Do you know how hard it is for somebody not to touch your skin when they change you out of blue jeans, your day-time panties and then have them put on your night-time panties before dressing you in pajamas? But Rosalie managed to do that somehow. The message was very clear: I won't even accidentally touch your skin. I felt the covers surrounding me.

"Stay with me," I pleaded through the aftershocks of my disintegration. She didn't want to be with me, I could just feel it in her distance, but I couldn't bear the thought of her leaving.

"I'm right here," a detached voice spoke from then now blackness of the utterly quiet cabin at chair height right by the bed.

"Sleep with me?" I asked and patted on top of the covers next to me on the side of the bed.

Silence.

"I mean, you say you don't sleep, but stay next to me?"
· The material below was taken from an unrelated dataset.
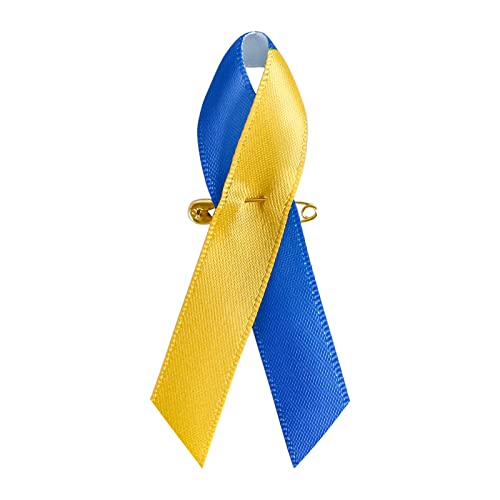 Image of 200 Pieces Satin Down Syndrome Awareness Ribbon with Safety Pins Blue & Yellow Ribbons 1.4 x 3 inch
"No," came the quiet yet firm reply.

"Please?" I begged.

"Does your father sleep in your bed next to you?" Rosalie's question floated accusingly, calmly, detachedly in the darkness.

"When I was a little girl, sometimes I would crawl into bed with Pa, when I was alone or scared." Then I smiled at the memory. "He was a real snorer ... it was comforting, in a way, to listen to him sn-..."

"Are you a little girl still, then?" Rosalie's reasonable question interrupted my happy recollection.

"Yes," I answered. "Yes. I'm a little girl still. I'm scared, Rosalie, I'm lonely and so scared, and I need to feel you right beside me — I need to know now and when I'm sleeping that I'm not alone — or I won't be able to sleep at all."

"I disagree," came the composed denial. "I think you are a big girl now. I think you are stronger than you allow yourself to think. I think you will be able to sleep. I think you do not need one more scary monster in your bed. I think you do not need this scary monster hurting you anymore. I think you will sleep now."

"Please, Rosalie, please. I won't. I really won't. I won't be able to ..."

"I do not know how to convey to you my bewilderment that you turn to succor to the thing that is the positively worst thing for you. Why do you do this?" she asked.

"Because I don't have anything else," but you. Because you are all I have. Because I lov-... then I silenced that undeserved thought.

"Because I've taken all that away from you," she chided.

"I had nothing for you to take away," I answered sadly. I have nothing. I am nothing.

Rosalie sighed. "No," she said decidedly, and my heart broke. "I will not lie next to you. I am right here. You can reach out and touch this chair and feel the weight of me on it and know that I am here."

I knew what she was really saying, however, and my chest ached, because my broken heart couldn't hurt any more than how it did now.

I reached out and grasped the chair leg ... and did not let it go.